Joe Biden is ordering the largest release of oil in history from the U.S. Strategic Petroleum Reserve and vowing to punish some fossil-fuel companies that refuse to ramp up production, in a bid to push down skyrocketing inflation amid Russian President Vladimir Putin’s war on Ukraine.
But the U.S. President said Thursday that the ultimate solution to his country’s energy woes is to decarbonize the economy, as he tried to square his short-term boost to the oil and gas supply with long-term plans to fight climate change.
Mr. Biden told reporters at the White House that he would release one million barrels of oil daily for the next six months, a total of more than 180 million barrels. The U.S. last year consumed about 20 million barrels daily. He said average gasoline prices had risen by US$0.90 a gallon, or US$0.25 a litre, since the start of the year.
“Putin’s war is imposing a cost on America and our allies and democracies around the world,” Mr. Biden said. “Your family budget to fill a tank, none of it should hinge on whether a dictator declares war.”
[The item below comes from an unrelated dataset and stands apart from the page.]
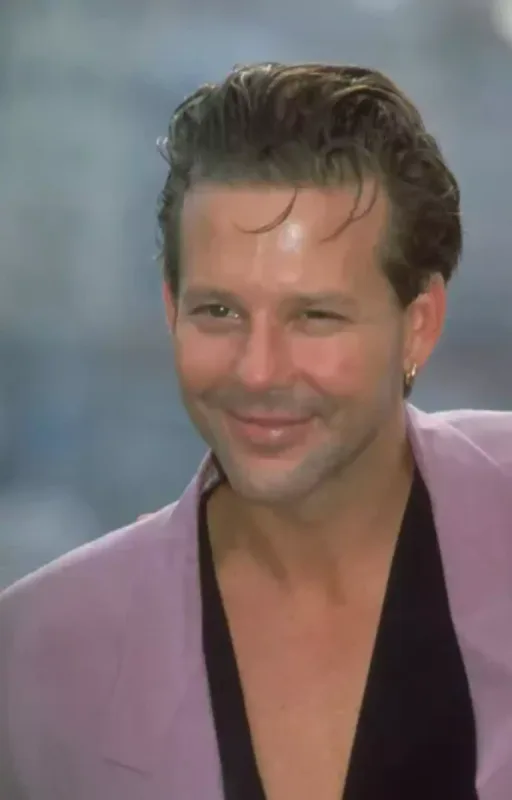 Plastik əməliyyatlarla tanınmaz hala düşən Hollivud ulduzu - Foto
Mr. Biden also called on Congress to impose a “use it or lose it” policy on oil and gas companies that hold drilling permits on federal land. Companies should pay financial penalties for every unused lease as an incentive to produce more, he said.
“Some companies have been pretty blunt: They don’t want to increase supply because Putin’s price hike means higher profits,” the President said. “I say enough. Enough of lavishing excessive profits on investors and payouts and buybacks when the American people are watching, when the world is watching.”
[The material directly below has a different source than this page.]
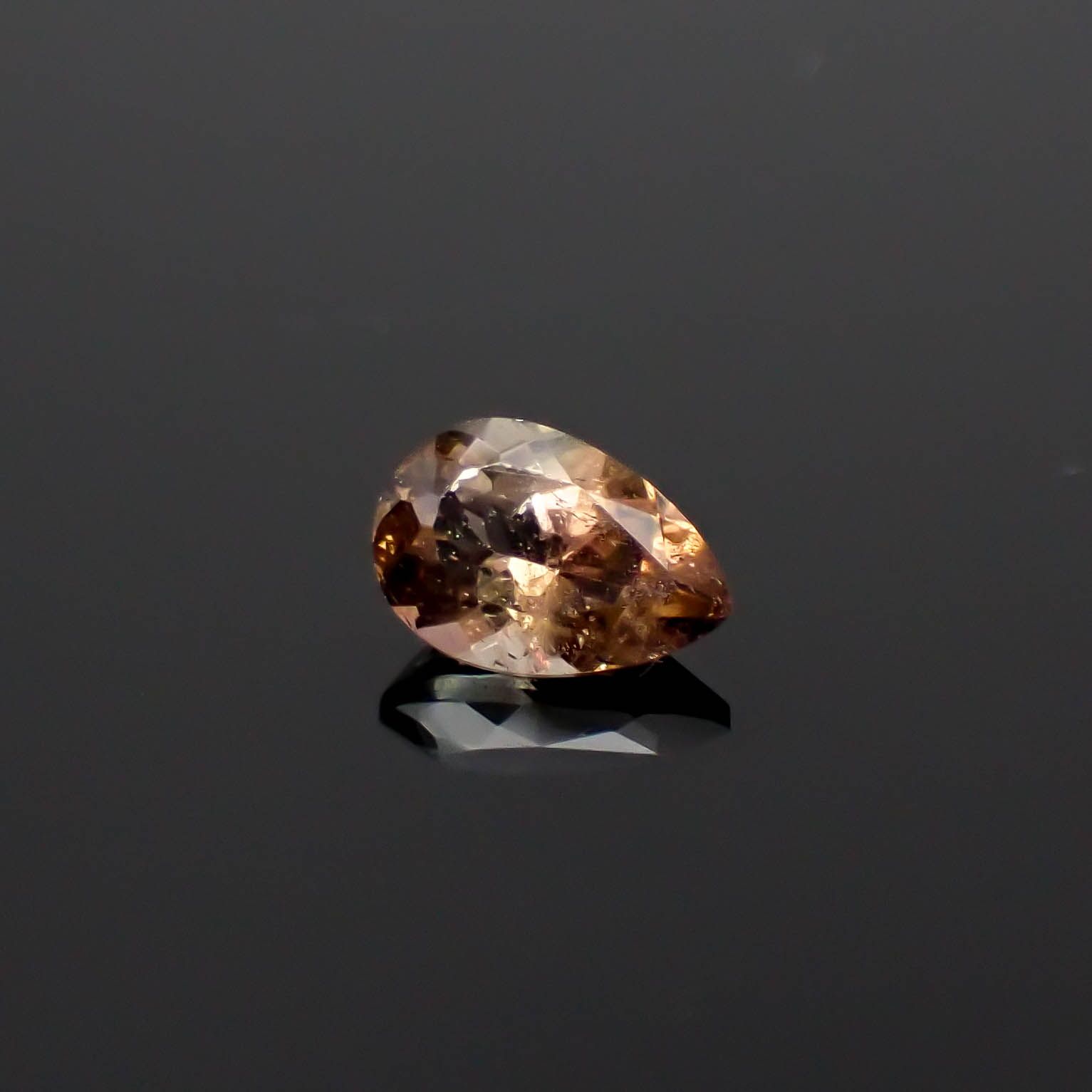 アキシナイト パキスタン産 0.54ct[240628354]6.3x4.2mm前後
The country has been hammered since last fall by the highest inflation rates in four decades. Russia’s invasion of Ukraine has further pushed up oil and gas prices. The U.S. and Canada have both imposed embargoes on Russian oil and petroleum products.
The higher prices have translated into both pain at the pump for American drivers and increased costs for companies. Mr. Biden faces tough midterm congressional elections later this year, in which his Democratic Party is trailing the Republicans in polls and risks losing control of both houses of Congress.
The price of West Texas Intermediate crude, the North American benchmark, slipped on Thursday in the face of the announcement. Stocks in oil companies, however, rose – signalling that the market realizes the drop in prices will be only temporary, said Laura Lau, chief investment officer with Brompton Group.
“It’s kind of a last-ditch attempt to try and bring oil prices down,” she said. “It is definitely very political.”
Oil prices are high enough to signal to producers that they should increase their output, she said, and the U.S. market has already seen a slight uptick in supply.
Mr. Biden tried to blunt environmental criticism of his push for more oil and gas drilling by emphasizing that his larger goal is still a transition to cleaner energy. “We need to choose long-term security over energy and climate vulnerability,” he said. “Ultimately, we and the whole world need to reduce our dependence on fossil fuels.”
The President signed an executive order Thursday securing production of critical minerals used in high-capacity batteries, in a bid to reduce U.S. reliance on Chinese supply. He also touted tighter energy-efficiency standards for home appliances and billions of dollars of spending to retrofit older buildings.
Mr. Biden has already rejected calls from Republicans that he reverse his moratorium on new drilling leases on federal land and from Canada that he rescind his cancellation of the Keystone XL pipeline. The White House has said that it is looking only for short-term supplies, not to build long-term oil and gas infrastructure.
Canada is already eyeing a 5S-per-cent boost in oil exports to the U.S., in a bid to help replace some of the supply that would otherwise have come from Russia. There is no Canadian equivalent to the U.S.’s Strategic Petroleum Reserve, which stores oil in Texas and Louisiana to be released to shore up markets, meaning Ottawa has limited ability to order immediate supply increases.
The U.S. fossil-fuel industry pushed back at Mr. Biden’s demands Thursday, contending that the obstacle to ramping up production was government red tape and not corporate greed.
“American energy companies have paid significant funds for leases and have every incentive to produce energy where they can. However, it takes years and many permits to explore for energy and even then, not every well drilled on a federal lease is ultimately suitable for energy production,” Marty Durbin of the U.S. Chamber of Commerce said in a statement.
Anne Bradbury, CEO of oil and gas trade association AXPC, said pulling crude from reserves would not lower prices in the long term, “and may even do more harm than good.”
“The better approach to help alleviate rising energy prices is to focus on supporting domestic production of oil and natural gas,” she said in a statement.
OPEC and allied oil producers, meanwhile, signalled Thursday that the U.S. cannot look to them for help. They decided to continue ramping up production slowly, adding 432,000 barrels a day in May, only a small increase from 400,000 barrels in earlier months.
In a bid to get more oil fast, the U.S. had previously asked Saudi Arabia and Venezuela to increase production quickly, to no avail. These moves drew fire for Mr. Biden, who has previously criticized human-rights abuses by authoritarian regimes in those countries.